It would be cool to do research like this paper from Maria Petrova.

The author does, however, assume that better informed voters will vote for better policy – “independent media is important for the quality of governance.” Thinking of Caplan’s book, I was skeptical at first but realized that his argument seeks to explain why the collective decisions of the electorate are as bad as they are given some level of information (is this right, John?). A better informed electorate might vote relatively well, though still poorly by economists’ standards. Of course, for many poorer countries, “relatively well” means a huge step up.

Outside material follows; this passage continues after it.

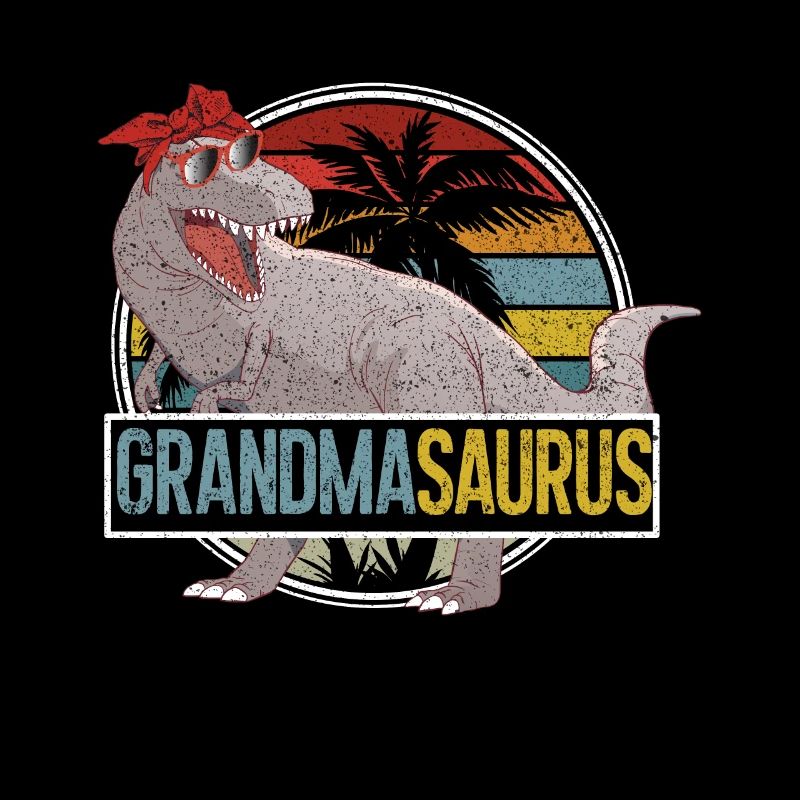 Omasaurus T Rex Dinosaurier Oma Saurus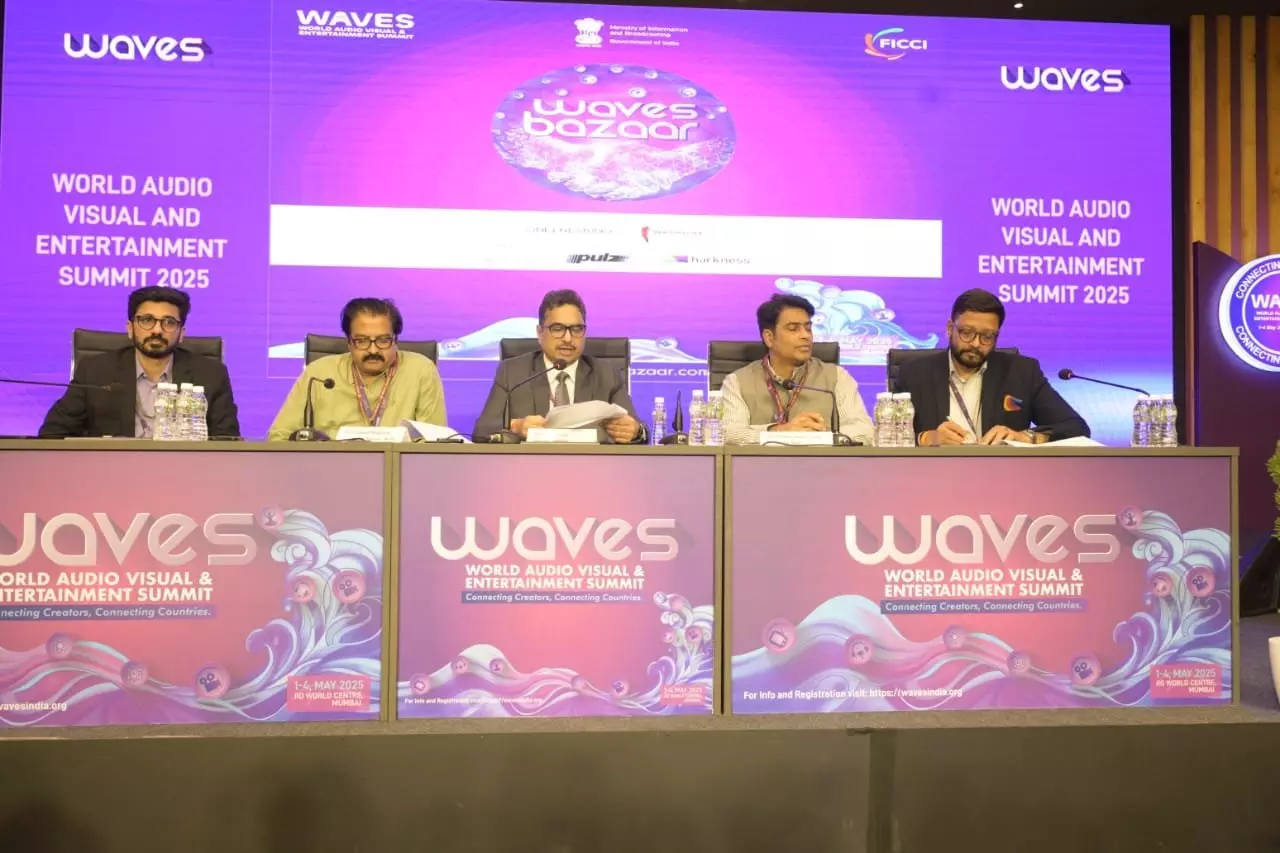 Deals Worth Rs 1,328 Crore Recorded in WAVES Bazaar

It might also be possible for the quality of voting to decline as the public becomes more aware of what their representatives are doing, depending on your point of view. For example, Petrova mentions in her paper that “countries with low media freedom. . .have lower level[s] of social spending (Petrova 2007).” As elected officials become more responsive to the public, Caplan’s preferences over beliefs become more of a problem. So, increasing the amount of independent information (where non-independent information is assumed to be discounted by voters and thus doesn’t create incentives for politicians) available to voters has mixed effects. Voters usually dislike corruption but applaud trade barriers. This ties in with that article about the success of China’s authoritarian government. Looking at the world today, though, it looks like countries with freer media and hence more information tend to perform well more consistently than ones where information is more limited. MR had a post about growth in democracies vs. non-democracies a while back.